To the Editor:
Shared decision making (SDM) facilitates collaborative treatment decisions based on patient and family values, goals, and preferences (1). In intensive care unit (ICU) settings, effective SDM results in goal-concordant treatment decisions, improved psychological outcomes among families and clinicians, and shorter ICU lengths of stay (1–7). Despite evidence of racial disparities in clinician communication and ICU outcomes, it is unknown if ICU clinicians equitably engage racially minoritized families in SDM (8–10). Thus, our objective was to compare ICU physicians’ SDM behaviors in audio-recorded meetings with Black versus White families.
Methods
We conducted a mixed-methods study using qualitative data from a randomized trial of a decision aid about prolonged mechanical ventilation (⩾10 d) (11). The trial was conducted in 13 medical and surgical ICUs at 5 hospitals in North Carolina, Pennsylvania, and Washington. Families randomized to the intervention viewed a decision aid about prolonged mechanical ventilation outcomes, then ICU physicians held unscripted, audio-recorded meetings with families from both trial arms. From 146 meetings, we purposively sampled 129 that had complete recordings, were in English, and included a primary surrogate decision maker (hereafter referred to as “family member”) who self-identified as Black or White.

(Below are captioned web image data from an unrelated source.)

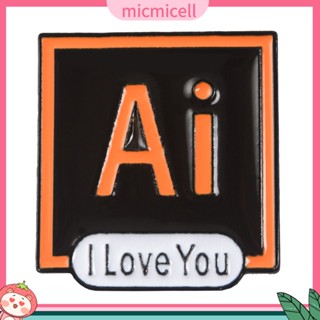 Mic_ PS AI PR AU Photoshop Illustrator เข็มกลัด Pin I Love You ป้ายเคลือบปกเสื้อ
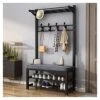 OTBK Coat Rack Shoe Bench 3-in-1 Hall Tree With Metal Frame And Removable Hooks For Entryway, Hallway (Color : Black Gray, Size : 80cm)
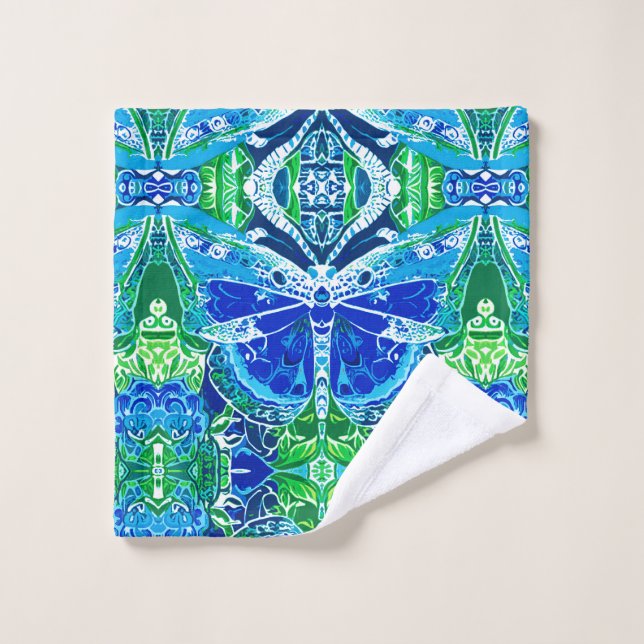 Motif Batik de papillon et de médaillon en bleu (Gant de toilette)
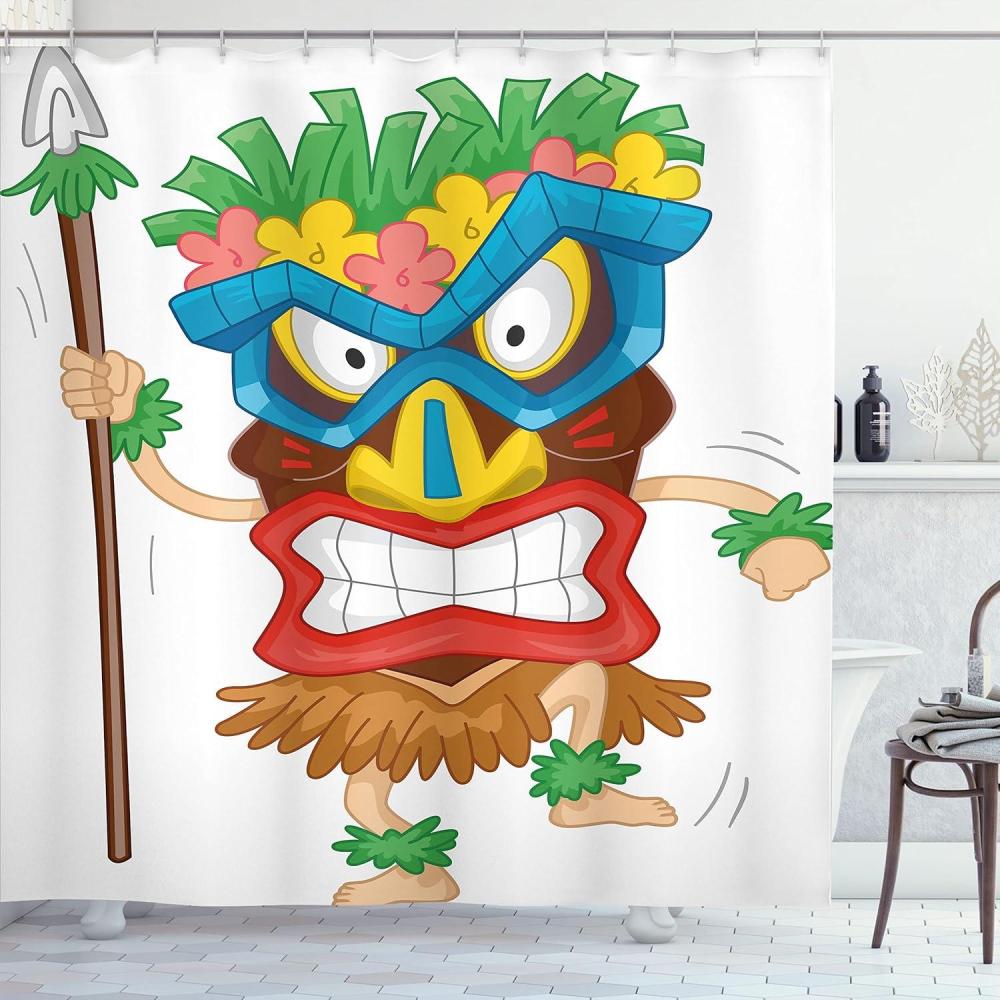 imageAmbesonne Tiki Bar Shower Curtain Native Man Wearing a Illustration Cartoon Tribal Costume Prehistoric Cloth Fabric Bathroom Decor Set with Hooks 69 W x 70 L Brown Blue Green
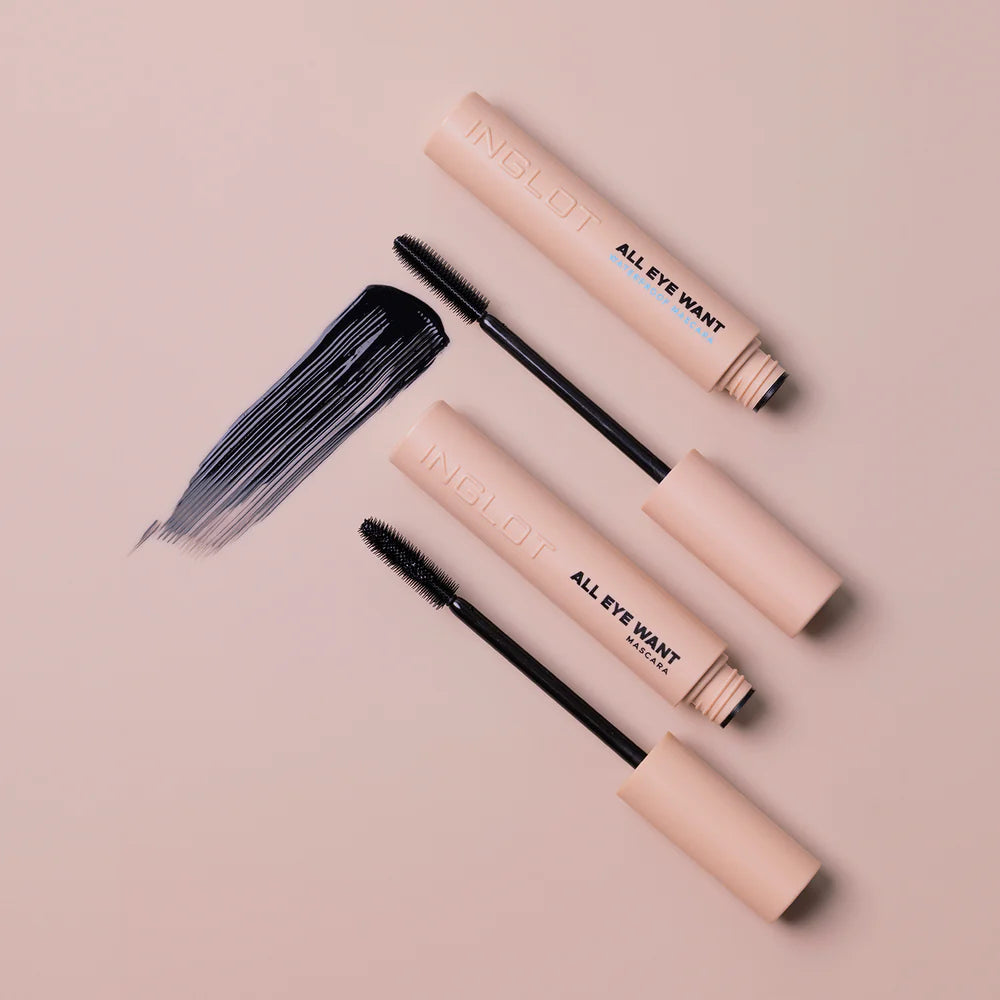 Inglot All Eye Want Mascara, open with swatch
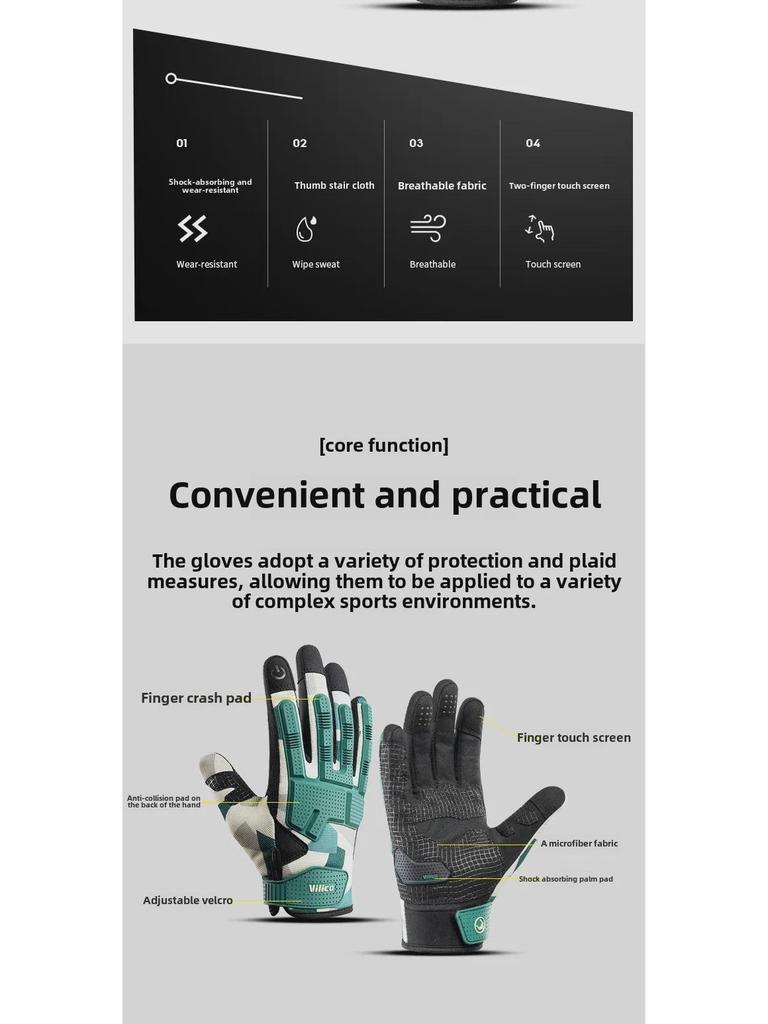 Vilico Outdoor Sports Motorcycle Riding Gloves - Anti-Collision, Anti-Fall, Wear-Resistant, Cool Tactical Design for Off-Road Adventures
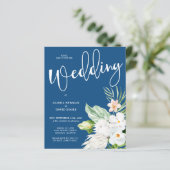 Papier Budget Classic Blue Floral Faire-part de mariage (Debout devant)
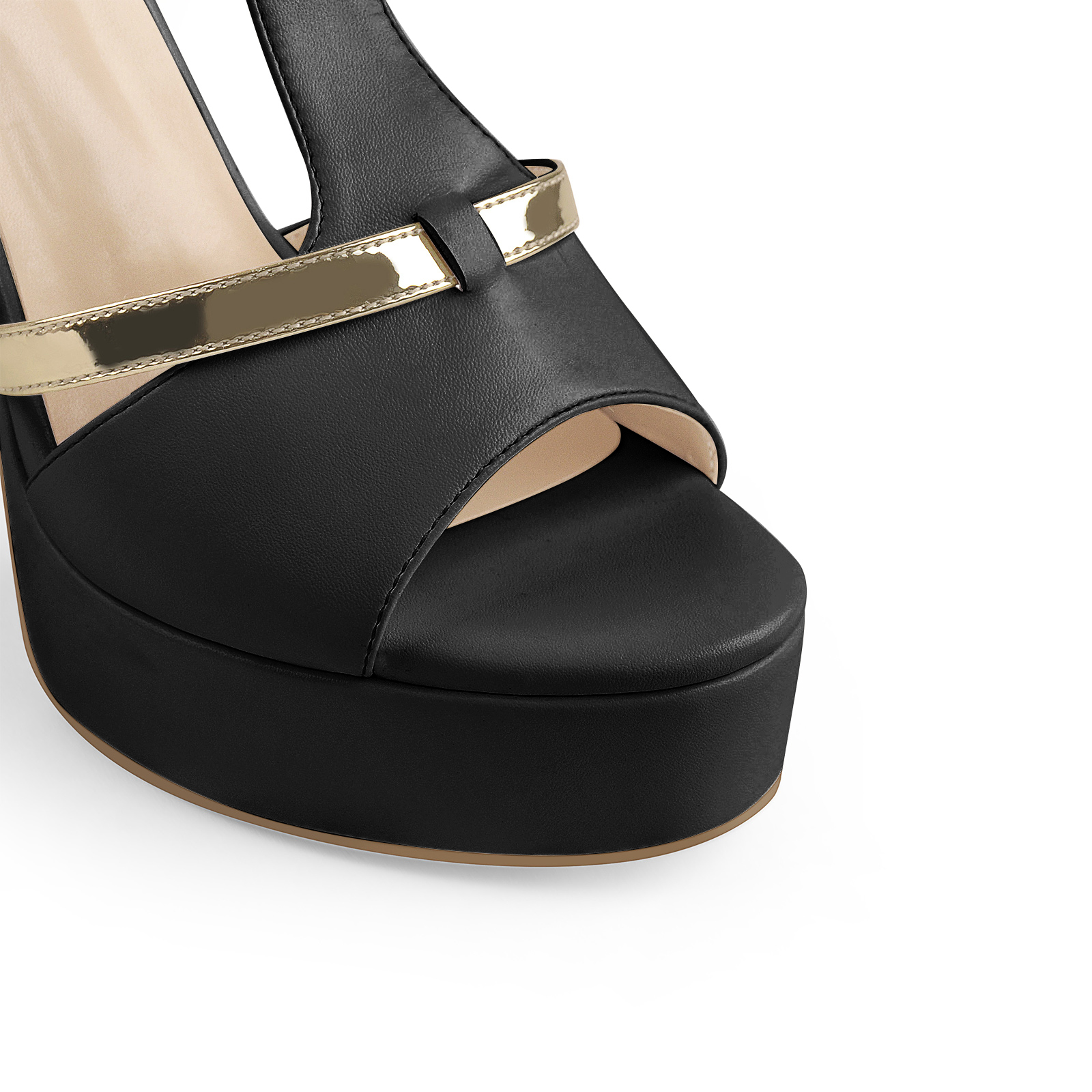 Plateau Pumps Peep Toed Riemchenpumps mit Knöchelschnallen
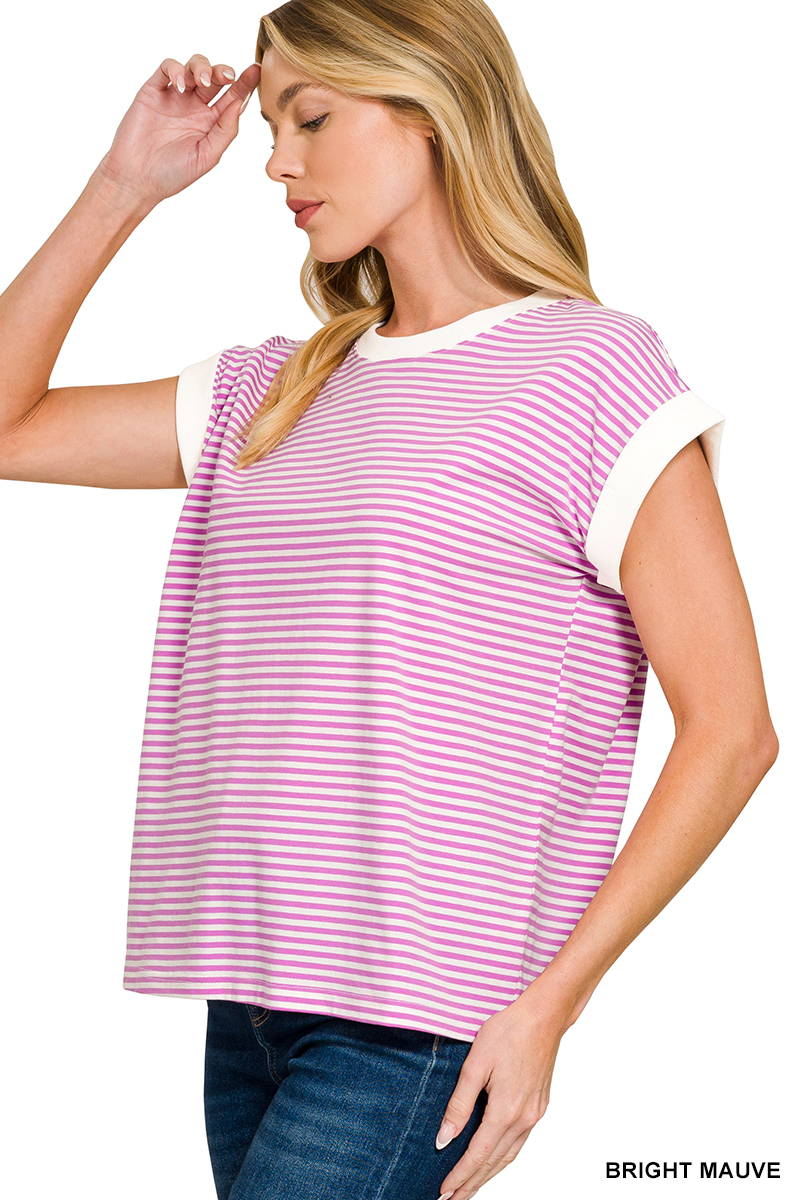 All Day Striped Contrast Trim Tee - Pink - Delta Swanky Girl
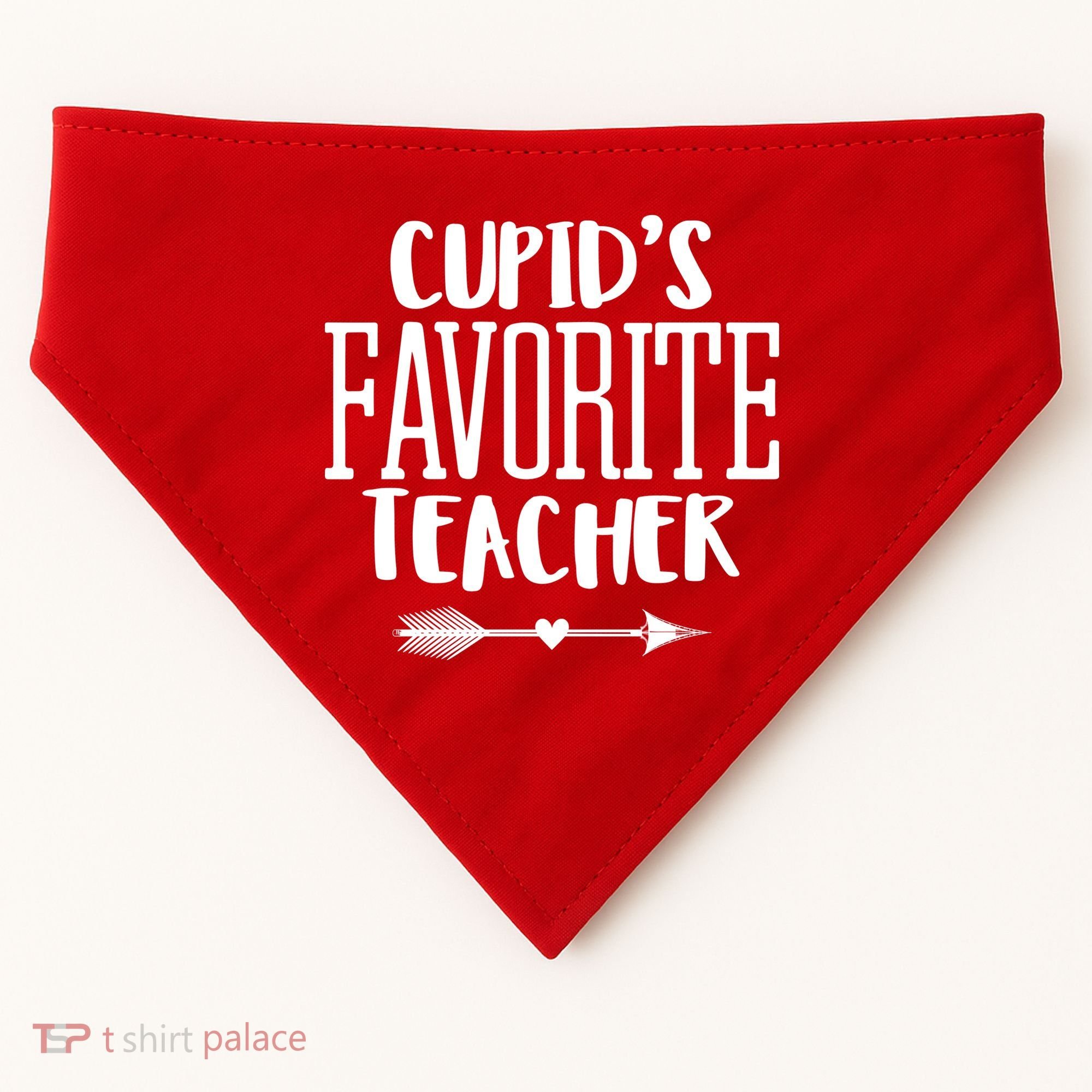 Cupid's Favorite Teacher USA-Made Doggie Bandana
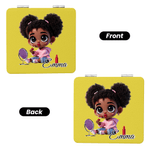 Personalized Cartoon Black Girl Double-Sided 1X 2X PU Leather Makeup Mirror with Name Birthday Anniversary Gift for Women Girls
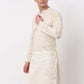 Men's Silk Blend Sequence Embroidered Kurta Only ( KO 661 Cream )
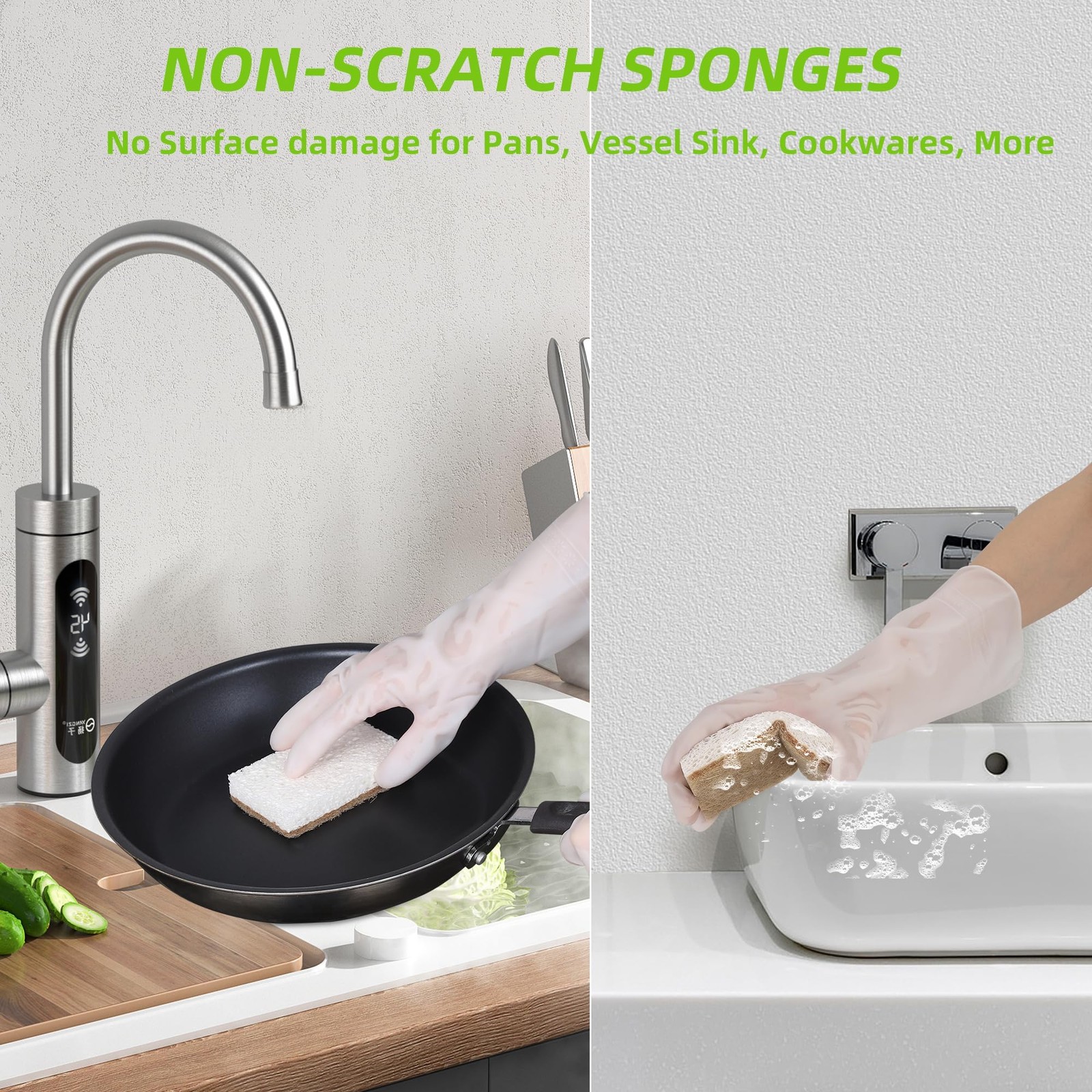 Natural Sponges for Dishes 12 Pack – Keep Soap Brown White 12pcs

We used summative content analysis to quantify SDM behaviors (12). An a priori coding schema was adapted from a validated SDM framework for ICU physicians (Table E1 in the data supplement) (5, 13). A research team consisting of an ICU nurse (H.Y.), a palliative care physician (J.E.M.), a communication studies scientist (M.C.H.), and an ICU physician (D.C.A.), all with qualitative or health equity research expertise, met biweekly throughout the analysis. Four audio-recorded family meetings were analyzed by all team members to ensure consistency in code application through discussion, then the remainder were coded independently (14). Fourteen codes were summed to calculate an SDM score for each meeting.
Results
The sample included meetings with 22 (17.1%) Black and 107 (82.9%) White family members. Family members had a median age of 53.0 years (interquartile range [IQR], 44.0, 62.0 yr) and were predominantly female (75.2%). They endorsed high health literacy (median, 5.0; IQR, 4.0, 6.0), hope (96.9%), and social support (96.1%). Compared with White families, Black families were more commonly randomized to the intervention (59.1% vs. 45.8%) and less commonly interacted with racially concordant physicians (0% vs. 80.4%). Patients’ age and race were similar to those of their family members, and 26.4% died in the hospital (Table 1). Ninety-six physicians participated in one to four family meetings each. They had a median age of 35.0 years (IQR, 32.0, 42.0 yr), and most were White (75.0%), male (64.6%), and preferred to engage families as equal partners in decision making (80.4%) (Table 2).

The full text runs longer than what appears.